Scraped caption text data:

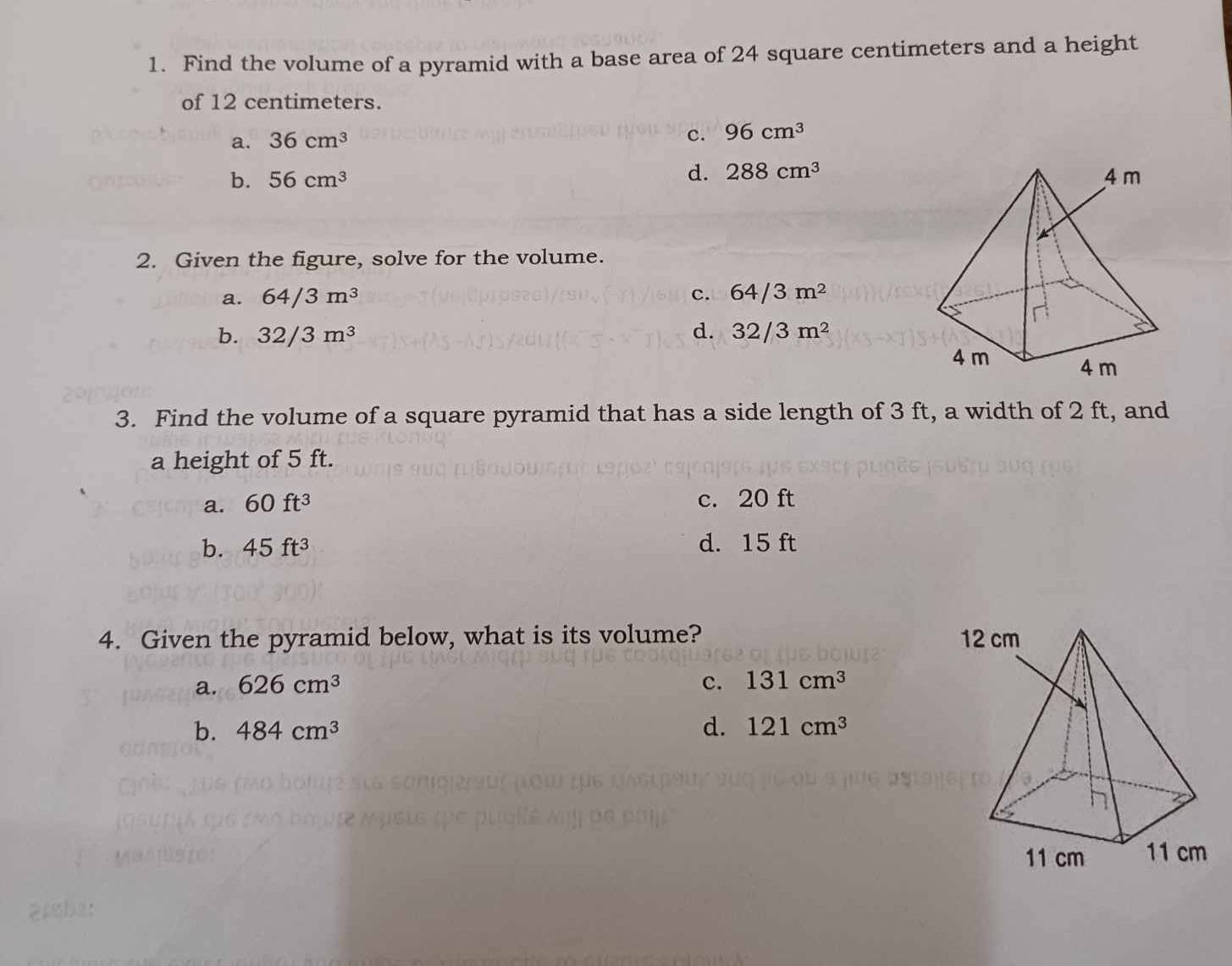 Find the volume of a pyramid with a base area of 24 square centimeters and a height
of 12 centimeters.
a. 36cm^3
c. 96cm^3
d. 288cm^3
b. 56cm^3
2. Given the figure, solve for the volume.
a. 64/3m^3 c. 64/3m^2
b. 32/3m^3 d. 32/3m^2
3. Find the volume of a square pyramid that has a side length of 3 ft, a width of 2 ft, and
a height of 5 ft.
a. 60ft^3 c. 20 ft
b. 45ft^3 d. 15 ft
4. Given the pyramid below, what is its volume?
a. 626cm^3 c. 131cm^3
b. 484cm^3 d. 121cm^3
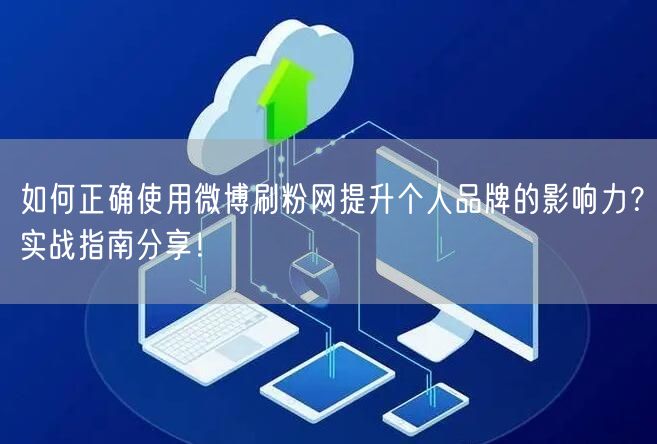 如何正确使用微博刷粉网提升个人品牌的影响力？实战指南分享！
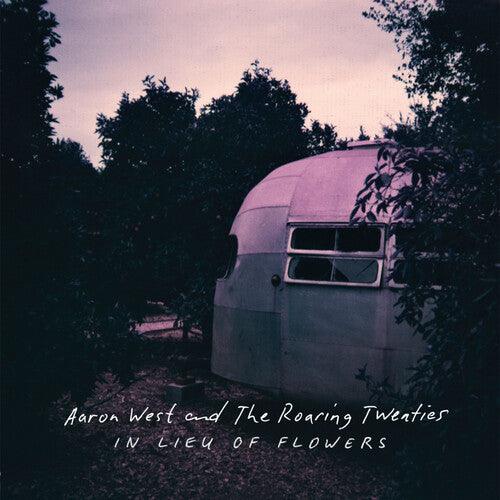Aaron West & the Roaring Twenties- In Lieu of Flowers - LP
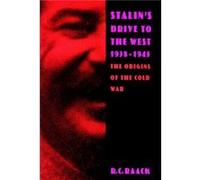 Stalins Drive to the West 19381945 by R. C. Raack R.C. Raack (Auteur)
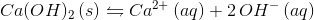 Ca(OH)_2 \,(s) \leftrightharpoons Ca^{2+}\,(aq) +2\, OH^{-}\,(aq)
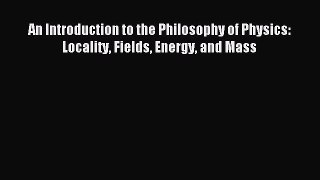 Read An Introduction to the Philosophy of Physics: Locality Fields Energy and Mass Ebook Free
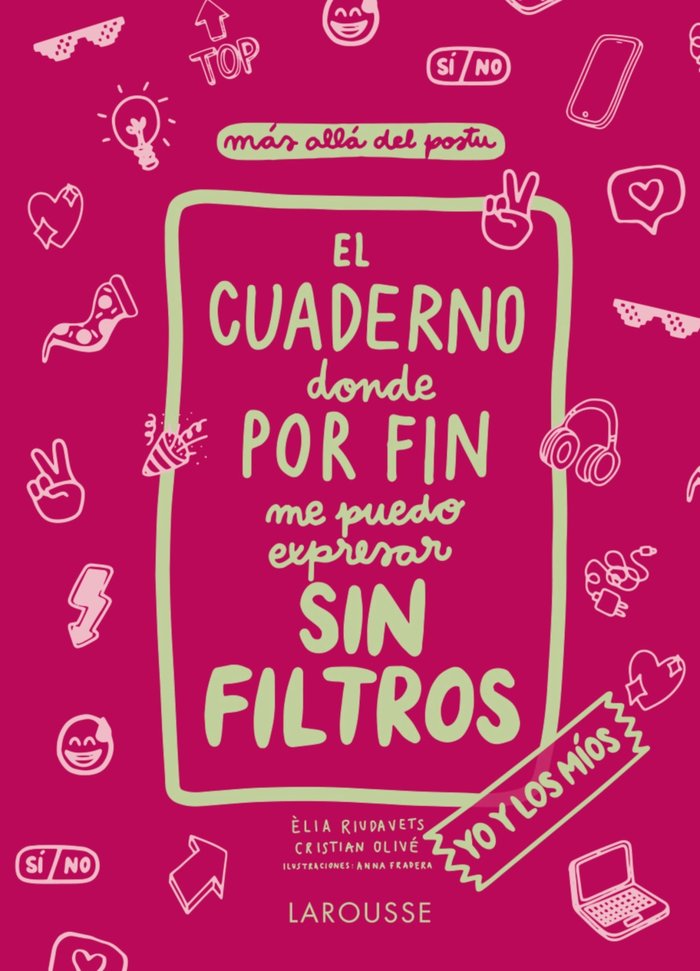 EL CUADERNO DONDE POR FIN ME PUEDO EXPRESAR SIN FILTROS. YO Y LOS MIOS, de OLIVE PEÑAS, CRISTIAN | portada del libro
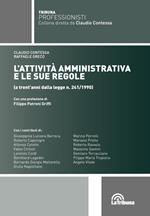 L' attività amministrativa e le sue regole (a trent'anni dalla Legge n. 241/1990)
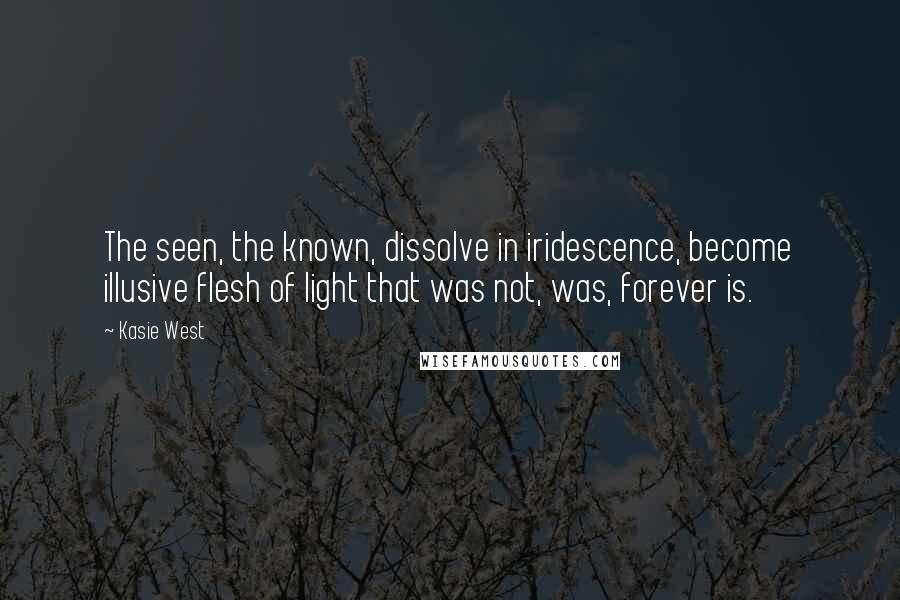 Kasie West Quotes: The seen, the known, dissolve in iridescence, become illusive flesh of light that was not, was, forever is.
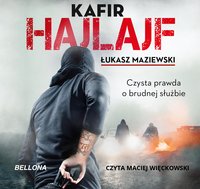 Hajlajf. Czysta prawda o brudnej służbie - Łukasz Maziewski - audiobook
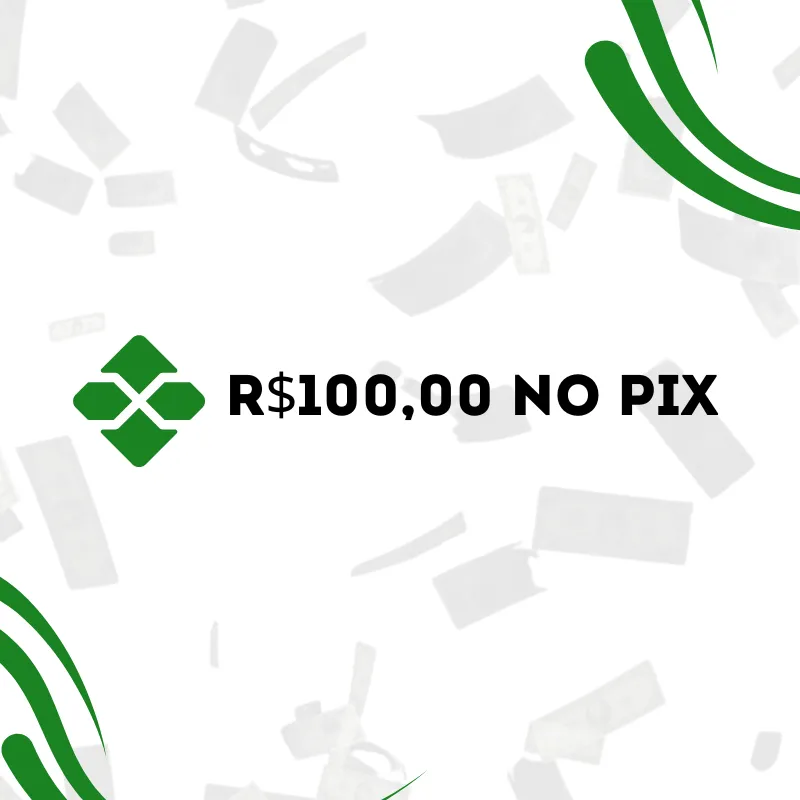 Imagem da campanha R$100,00 NO SEU PIX! COMPRE SEU BILHETE AGORA!!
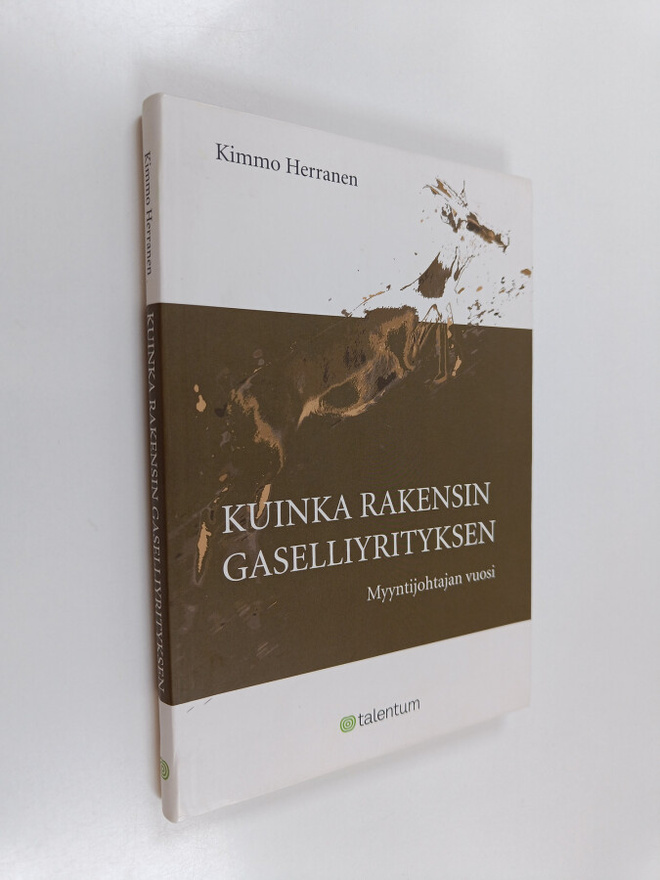 Kimmo Herranen : Kuinka rakensin gaselliyrityksen : myynt...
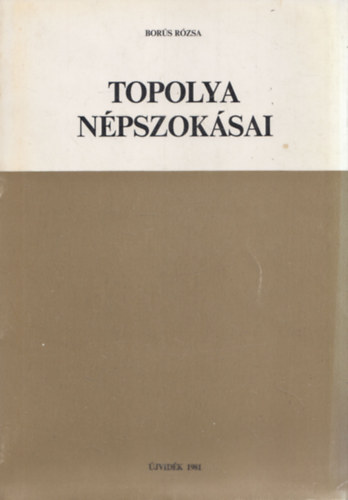 Bors Rzsa - Topolya npszoksai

### WHAT TO DO:
Your output must consist only of the lines from the line with "2. Given the figure, solve for the volume." through the final line of the data, both included, reproduced exactly and free of pictures.

### ANSWER FOR THE TASK:
2. Given the figure, solve for the volume.
a. 64/3m^3 c. 64/3m^2
b. 32/3m^3 d. 32/3m^2
3. Find the volume of a square pyramid that has a side length of 3 ft, a width of 2 ft, and
a height of 5 ft.
a. 60ft^3 c. 20 ft
b. 45ft^3 d. 15 ft
4. Given the pyramid below, what is its volume?
a. 626cm^3 c. 131cm^3
b. 484cm^3 d. 121cm^3
 如何正确使用微博刷粉网提升个人品牌的影响力？实战指南分享！
Aaron West & the Roaring Twenties- In Lieu of Flowers - LP
 Stalins Drive to the West 19381945 by R. C. Raack R.C. Raack (Auteur)
 Ca(OH)_2 \,(s) \leftrightharpoons Ca^{2+}\,(aq) +2\, OH^{-}\,(aq)
 Read An Introduction to the Philosophy of Physics: Locality Fields Energy and Mass Ebook Free
 EL CUADERNO DONDE POR FIN ME PUEDO EXPRESAR SIN FILTROS. YO Y LOS MIOS, de OLIVE PEÑAS, CRISTIAN | portada del libro
 L' attività amministrativa e le sue regole (a trent'anni dalla Legge n. 241/1990)
 Kasie West Quotes: The seen, the known, dissolve in iridescence, become illusive flesh of light that was not, was, forever is.
 Hajlajf. Czysta prawda o brudnej służbie - Łukasz Maziewski - audiobook
 Imagem da campanha R$100,00 NO SEU PIX! COMPRE SEU BILHETE AGORA!!
 Kimmo Herranen : Kuinka rakensin gaselliyrityksen : myynt...
 Bors Rzsa - Topolya npszoksai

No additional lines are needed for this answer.